Iwonka jednak dotarła, ale za to Martyna się dziś zgubiła w Hanoi, ale spoko, spoko udało nam się ją znaleźć. Pierwsza ekipa zatem w komplecie. Przedstawiamy od lewej: Iwonka, Leszek, Martyna, Ewa, Grześ i Iza.
Wstaliśmy wcześnie. Ewa i Iza w nagrodę że zaspały miały dziś tylko 3 minutowe śniadanie! 15 minutowy marsz przed 8 rano wzmógł apetyt ... na nowe wyzwania fotograficzne. Dziś mieliśmy do dyspozycji 3 modelki, 2 miejscowych fotografów do pomocy, oraz 3 panie, które nam asystowały. Powstała naprawdę profi ekipa i świetne możliwości nauki fotografii portretowej. Wzbudziliśmy wielkie zainteresowanie wśród lokalsów. Nie dość, że nasza ekipa liczyła 14 osób to przypadkowi przechodnie podłączali się do naszych urodziwych modelek.

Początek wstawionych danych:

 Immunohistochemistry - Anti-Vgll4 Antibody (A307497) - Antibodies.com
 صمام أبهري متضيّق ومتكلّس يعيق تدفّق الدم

A więc "braliśmy " dziewczyny nad jeziorem, w bramie, na drzewie, na moście i paru innych miejscach , w końcu wykończeni zaprosiliśmy naszych gości na lokalny posiłek. Potrawy były na tyle egzotyczne, ze bacznie przyglądaliśmy się serwowanym daniom, popijając piwem, by na koniec otrzymać rachunek liczący bagatela tylko 1,400,000 - a co, jak wakacje to można szaleć!
fot.Martyna Grzanka
fot. Leszek Jaśkiewicz
fot. Iwona Zając
fot. Ewa Filipkowska
W końcu chwila na krótki odpoczynek, sjesta w hotelu i kolejny wypad do
miasta. Pracowity dzień kończyliśmy spacerkiem po okolicznych uliczkach,
świetna kawka i.... wpadka! Leszek musiał pożegnać się ze swoimi dwoma
telefonami ( nie całkiem dobrowolnie) i nastrój nieco się zmienił.
Niestety wszędzie są złodzieje.
Dzień kończymy wspólnym omawianiem zdjęć.